Montag, 29. März 2010

Schuldensättigung

Die Debatte über steigende Staatsverschuldung geht weiter. Das beherrschende Thema ist das Ausmass der Haushaltsdefizite. Die Ökonomie-Lehrbücher sagen darüber nichts aus, was „hohe“ Verschuldung bedeutet. Wie hoch ist „hoch“? Es steht aber fest, dass die Ausgaben gesenkt werden, sobald die Weltwirtschaft wieder wächst. „Schuldenssättigung“ ist in diesem Zusammenhang ein interessantes Stichwort, auf das heute auch faz.net aufgreift. Die Phasendiagramme zeigen, dass die Grenzproduktivität der Staatsschulden sinkt. FT Alphaville lieferte am vergangenen Freitag die folgende Abbildung via Blog Nathan’s Economic Edge. Sinkt die Grenzproduktivität unter die Null-Linie, bedeutet das, dass der Anstieg der Verschuldung das nominelle Wirtschaftswachstum nicht mehr fördert. Paul Kedrosky erklärt aber, dass die aktuellen Daten im historischen Kontext mit dem BIP-Wachstum interpretiert werden sollten. Das Wirtschaftswachstum im Vorfeld der Finanzkrise war nämlich beispiellos.

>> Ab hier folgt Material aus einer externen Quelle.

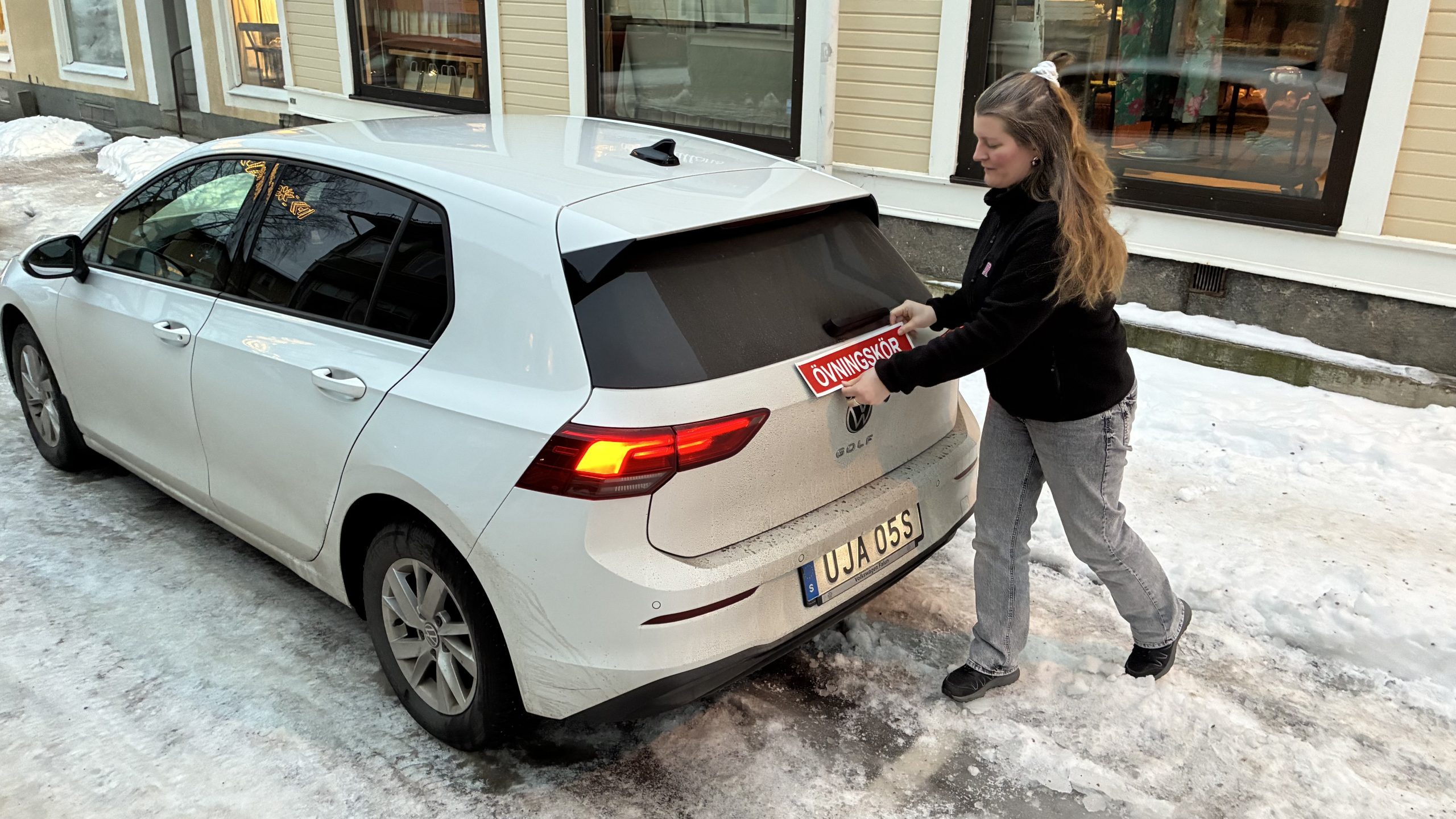 Alexandra Larsson sätter en röd övningskörningsskylt bak på en av trafikskolans bilar.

Abnehmende Grenzproduktivität der Staatsschulden, Graph: Nathan’s Economic Edge (hat tip FT Alphaville)

Kedrosky vertritt die Ansicht, dass „wir mit einem deutlich rückläufigen marginalen Beitrag zum BIP rechnen sollten, wobei kein Geheimnis oder Phasenübergang erforderlich ist“. Tatsächlich war es so, dass das BIP-Verschuldungs-Verhältnis in Rezessionen vor 1970 auch gegen Null und darunter gesunken ist. Genau wie heute, erinnert Kedrosky. Das bedeutet nicht, dass die Verschuldung ok ist, aber es bedeutet auch nicht, dass sie nach De-Leveraging (Schuldenabbau) und Zeit nicht wieder zum BIP-Wachstum beitragen kann, hält Kedrosky fest.

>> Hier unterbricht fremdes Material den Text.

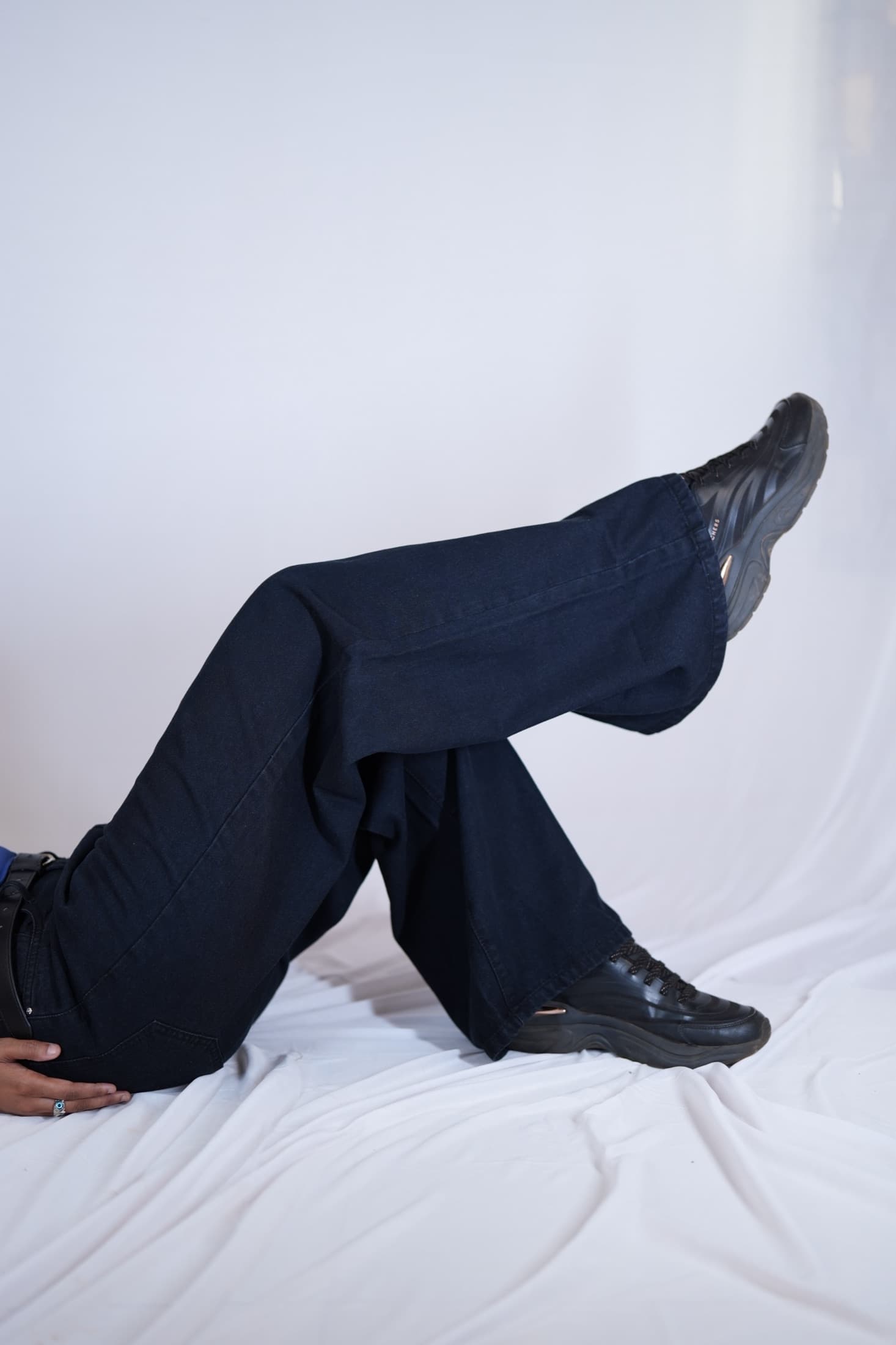 Wide-leg denim, seated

Grenzproduktivität der Staatsschulden, Graph: Paul Kedrosky

In dieser Tabelle hat Kedrosky die Daten aus der Fed St. Louis zusammengetragen, welche die Beziehung auf vierteljährlicher Basis im Jahresvergleich zwischen den Verbraucher-Schulden und dem BIP-Anstieg über die vergangenen Jahrzehnten zeigen. Im Wesentlichen zeigt sich, dass 1 $ neuer Schulden der Verbraucher zwischen 1960 und 1998 einen Beitrag zum BIP-Wachstum zwischen 1,25$ und 3,00$ geleistet hat. Nach 1998 wird das Verhältnis zermatscht. 1$ Schulden trägt 0,75$ zum BIP-Wachstum bei, bis die Kernschmelze am Finanzmarkt 2008/09 die Richtung nach Süden drehte.

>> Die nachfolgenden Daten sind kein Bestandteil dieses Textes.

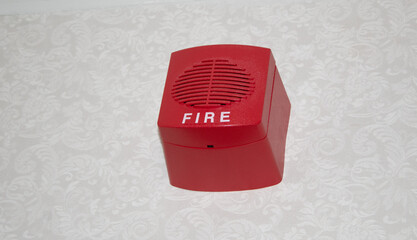 A red fire alarm box mounted on the wall for safety.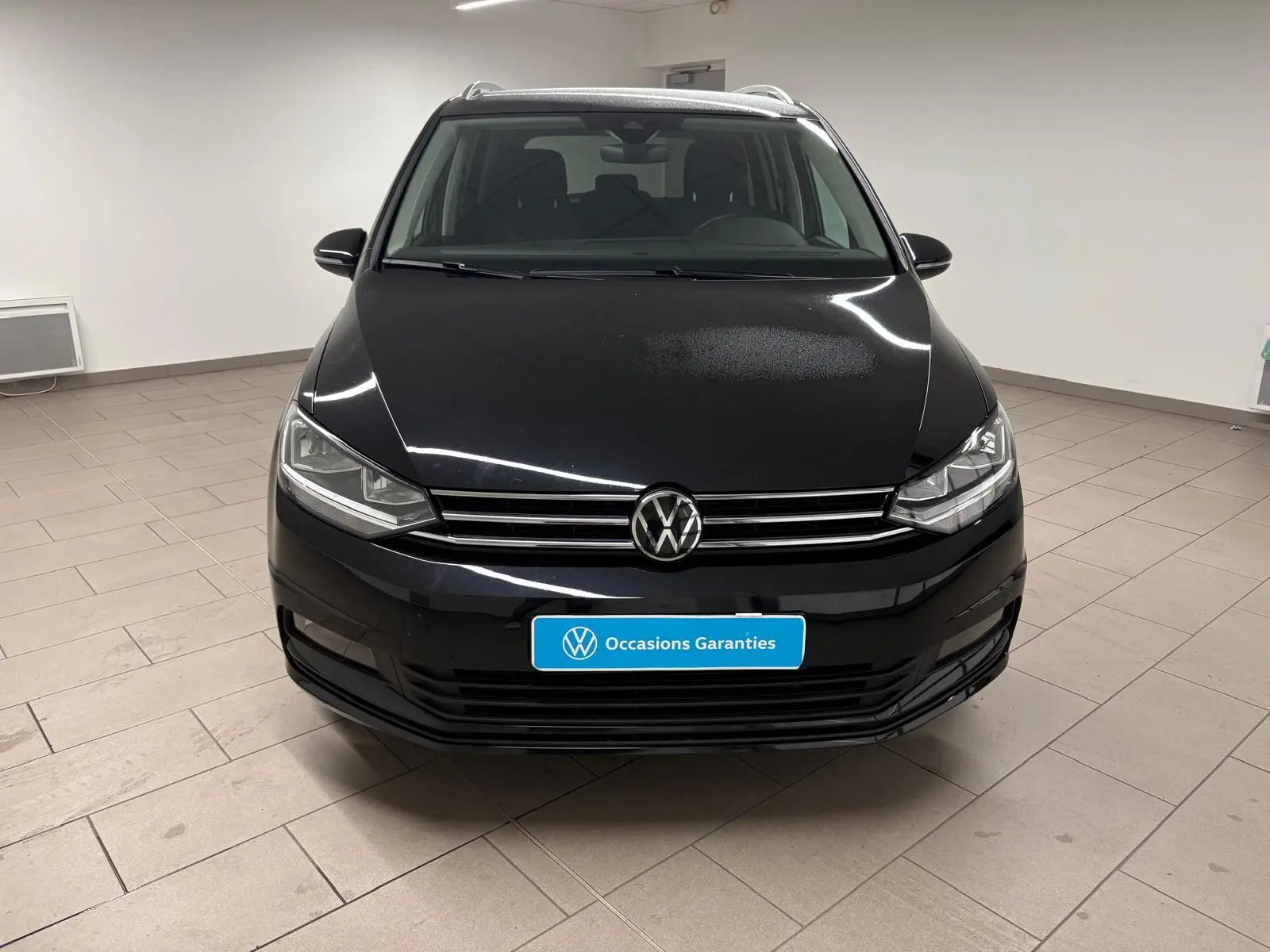 Volkswagen Touran noir intense nacré vu de face, mettant en valeur la calandre et les phares LED.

Fazit: Bei allem Respekt vor all den Beiträgen zum Thema „Staatsverschuldung“ darf man nicht vergessen, dass es ein Fehler ist, nur auf eine Seite der Bilanz zu schauen. Man muss auch die Vermögenswerte berücksichtigen. Der Haushaltsprognose der Obama-Administration zufolge dürfte die Staatsverschuldung 2020 rund 70% des BIP und das Haushaltsdefizit rund 4% des BIP betragen. Man braucht doch kein Haushaltsdefizit von Null, erklärt Paul Krugman, um in Sachen Schuldenstand vorwärts zu kommen. Ein Haushaltsdefizit von 2 bis 3% des BIP würde für eine stetig rückläufige Staatsquote (debt-GDP-ratio) sorgen, so Krugman. Wenn man also an die Prognosen der US-Regierung glaubt, benötigt man weitere 1 bis 2% des BIP an Einnahmen oder Kostensenkung. "Oder wir könnten die Steuern so viel erhöhen, dass wir immer noch die niedrigsten Steuern in den entwickelten Nationen weltweit haben“, argumentiert Krugman. Der einzige Grund, an der eigenen Fähigkeit zu zweifeln, die Dinge von heute an im nächsten Jahrzehnt unter Kontrolle zu bringen, ist die Politik, hebt Krugman hervor. „Wenn aber vernünftige Republikaner sich von Tea-Party-Gängern einschüchtern lassen, dann wären wir blockiert und hätten eine Fiskalkrise“, so Krugman anmahnend.